● **Exercise objective**:
Stop at the line containing "Bolanburg - Chair": repeat exactly every line of the entries below from the first up to it, plus that line, with pictures omitted.
*** Recorded data Section Begins ***
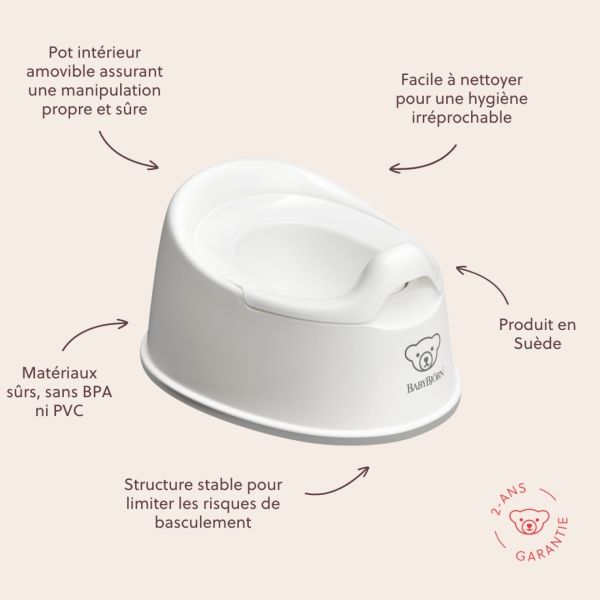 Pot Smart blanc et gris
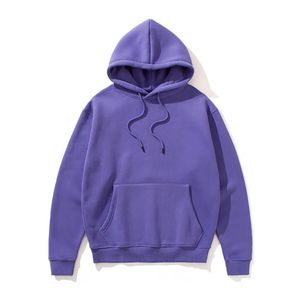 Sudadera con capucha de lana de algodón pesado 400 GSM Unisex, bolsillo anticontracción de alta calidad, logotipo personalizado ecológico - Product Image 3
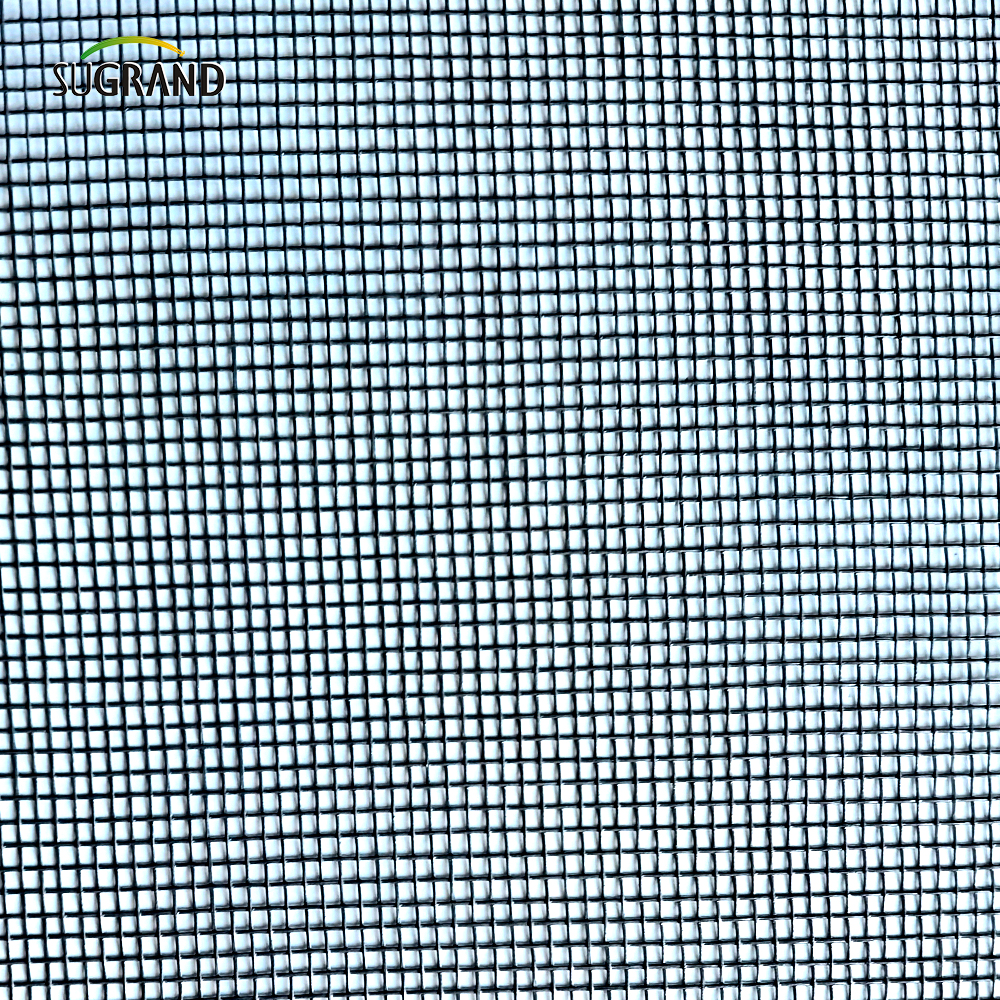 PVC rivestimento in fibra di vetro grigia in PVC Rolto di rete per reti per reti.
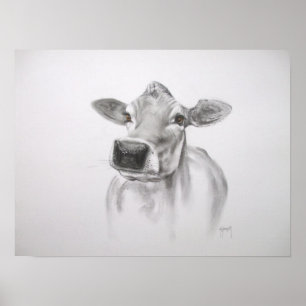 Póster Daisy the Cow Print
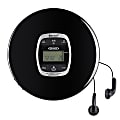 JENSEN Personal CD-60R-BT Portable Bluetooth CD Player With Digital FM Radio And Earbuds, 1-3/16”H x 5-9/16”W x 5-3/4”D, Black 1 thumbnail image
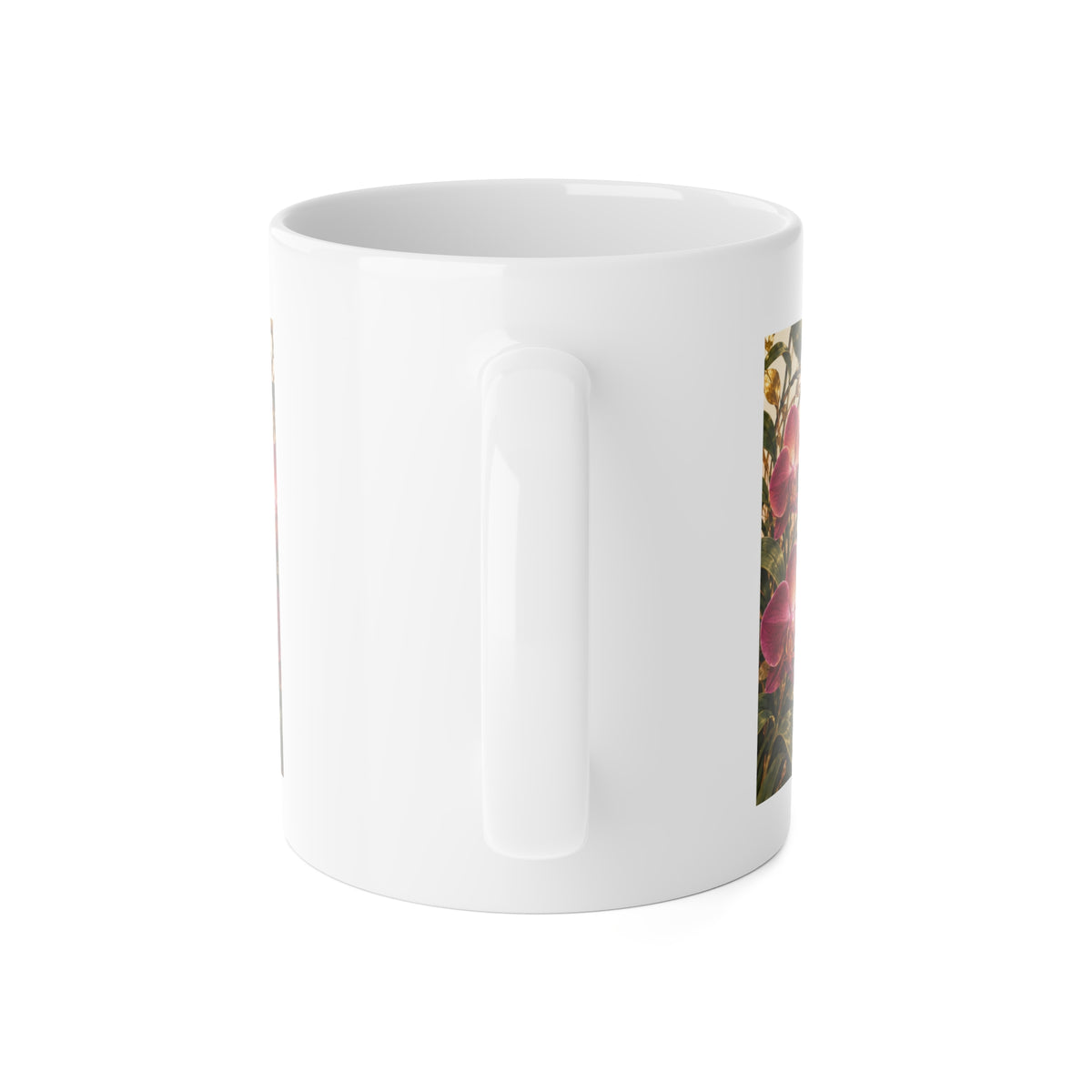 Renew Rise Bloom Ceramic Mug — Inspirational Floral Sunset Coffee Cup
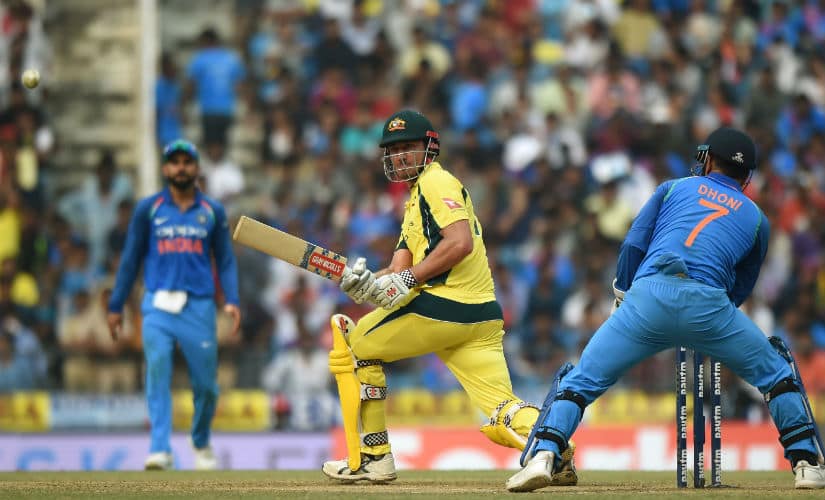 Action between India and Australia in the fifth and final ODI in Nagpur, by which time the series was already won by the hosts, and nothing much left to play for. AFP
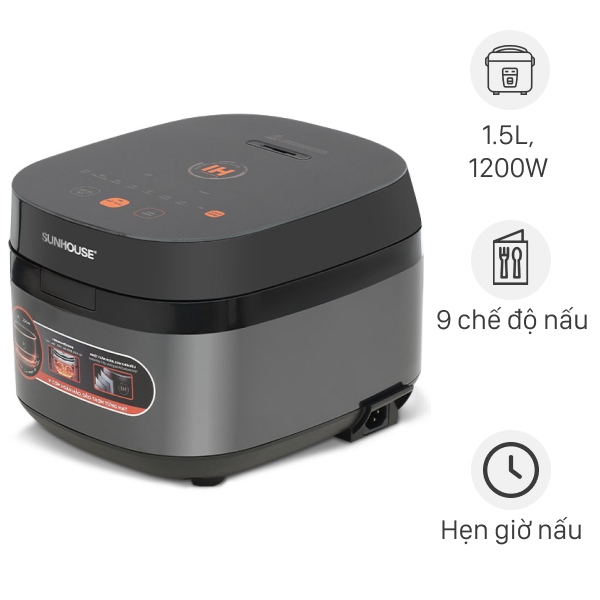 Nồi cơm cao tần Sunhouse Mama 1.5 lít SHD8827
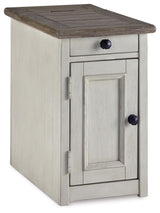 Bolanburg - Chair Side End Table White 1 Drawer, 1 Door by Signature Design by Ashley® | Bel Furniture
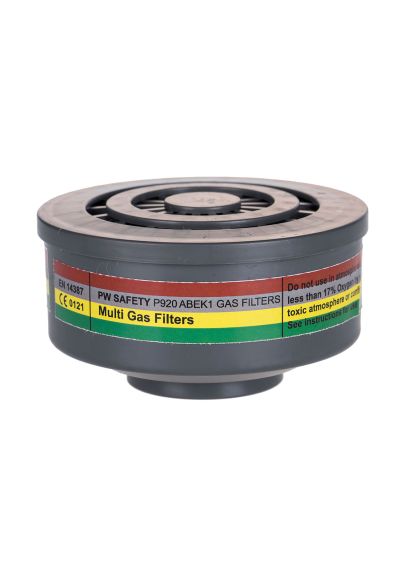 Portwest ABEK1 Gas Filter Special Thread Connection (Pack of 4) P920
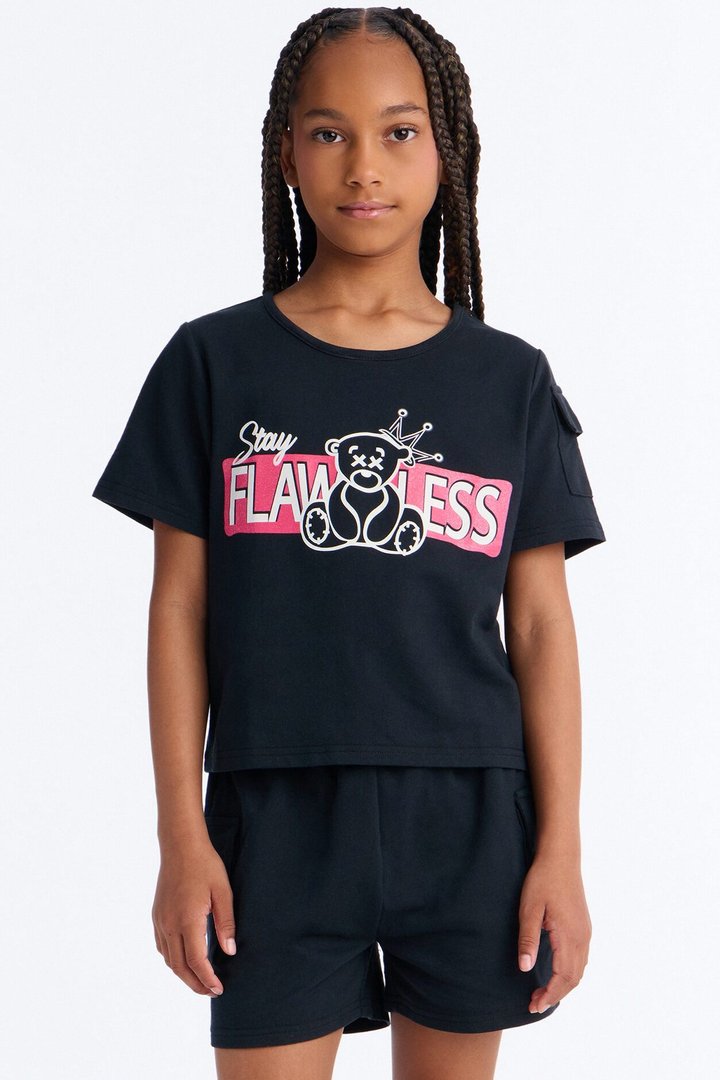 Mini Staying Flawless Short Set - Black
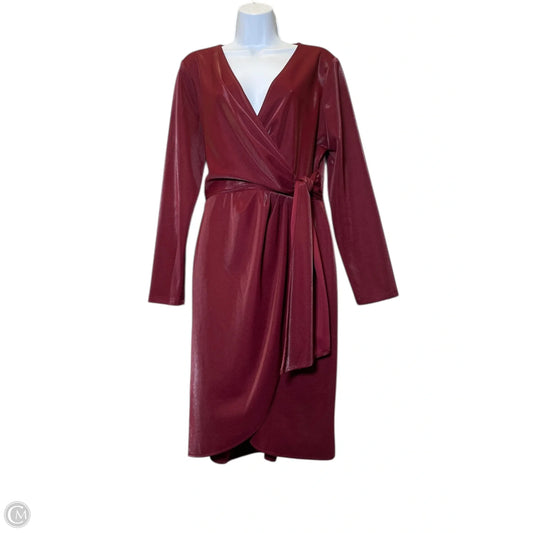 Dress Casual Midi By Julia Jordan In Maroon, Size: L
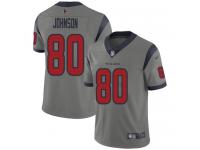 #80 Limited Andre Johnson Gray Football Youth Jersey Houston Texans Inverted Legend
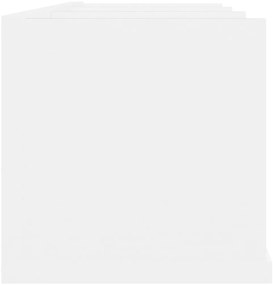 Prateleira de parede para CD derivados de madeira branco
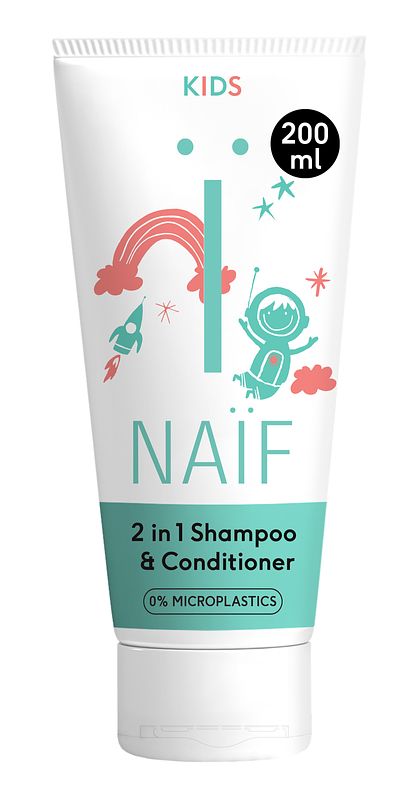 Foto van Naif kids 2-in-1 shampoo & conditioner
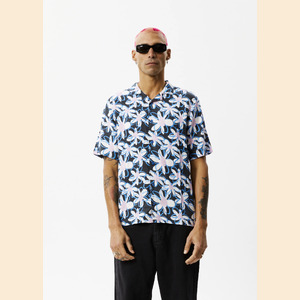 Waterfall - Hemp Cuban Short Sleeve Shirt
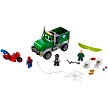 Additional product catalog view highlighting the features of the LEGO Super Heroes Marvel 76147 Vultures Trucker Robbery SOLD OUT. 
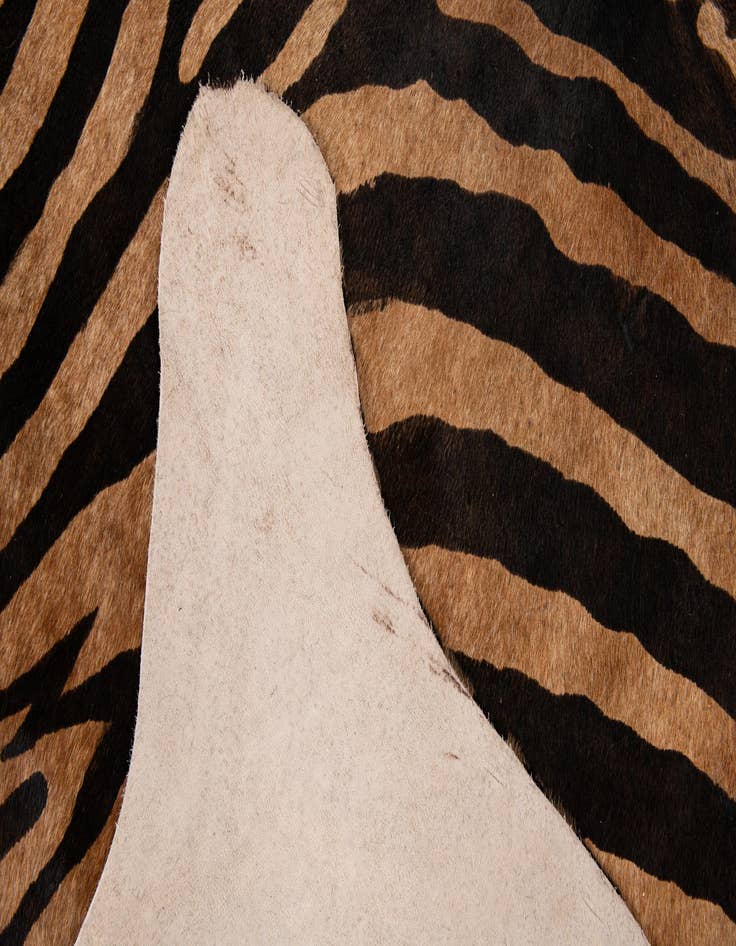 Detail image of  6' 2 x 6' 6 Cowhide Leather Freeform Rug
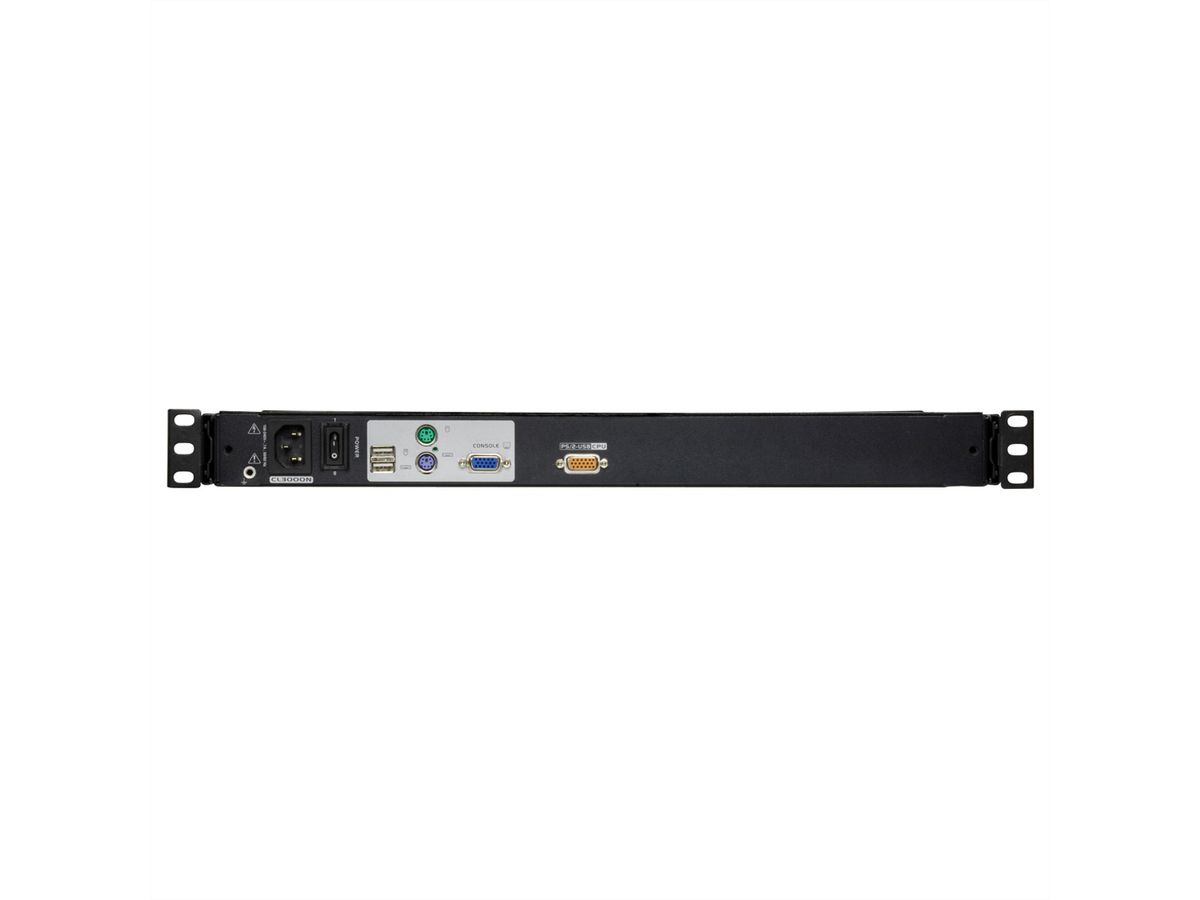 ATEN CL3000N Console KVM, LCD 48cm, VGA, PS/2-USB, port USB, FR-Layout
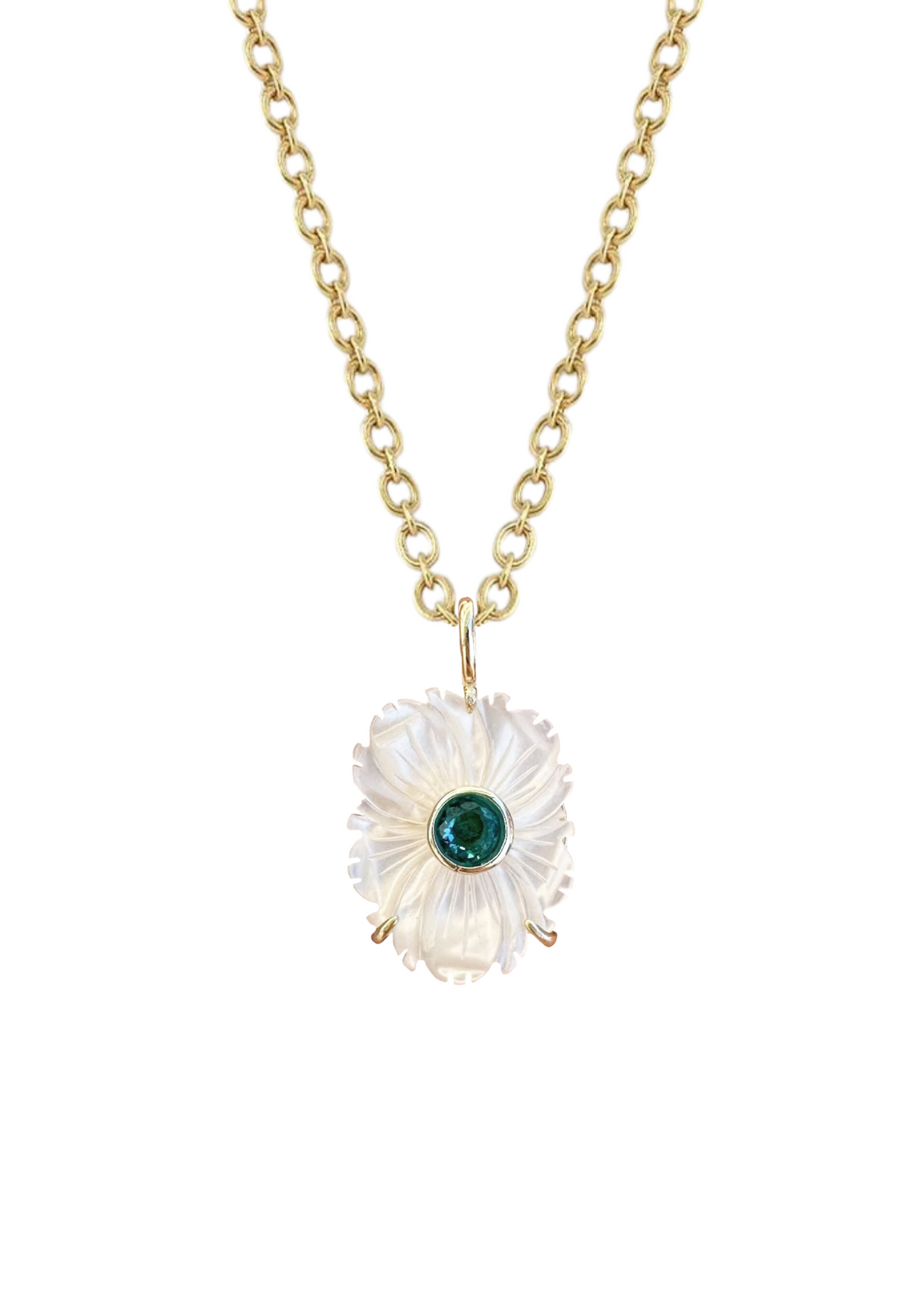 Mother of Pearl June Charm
*** Recorded data Section Ends ***
● **Written reply**:
 Pot Smart blanc et gris
 Sudadera con capucha de lana de algodón pesado 400 GSM Unisex, bolsillo anticontracción de alta calidad, logotipo personalizado ecológico - Product Image 3
 PVC rivestimento in fibra di vetro grigia in PVC Rolto di rete per reti per reti.
 Póster Daisy the Cow Print
 JENSEN Personal CD-60R-BT Portable Bluetooth CD Player With Digital FM Radio And Earbuds, 1-3/16”H x 5-9/16”W x 5-3/4”D, Black 1 thumbnail image
 Renew Rise Bloom Ceramic Mug — Inspirational Floral Sunset Coffee Cup
 Action between India and Australia in the fifth and final ODI in Nagpur, by which time the series was already won by the hosts, and nothing much left to play for. AFP
 Nồi cơm cao tần Sunhouse Mama 1.5 lít SHD8827
 Bolanburg - Chair Side End Table White 1 Drawer, 1 Door by Signature Design by Ashley® | Bel Furniture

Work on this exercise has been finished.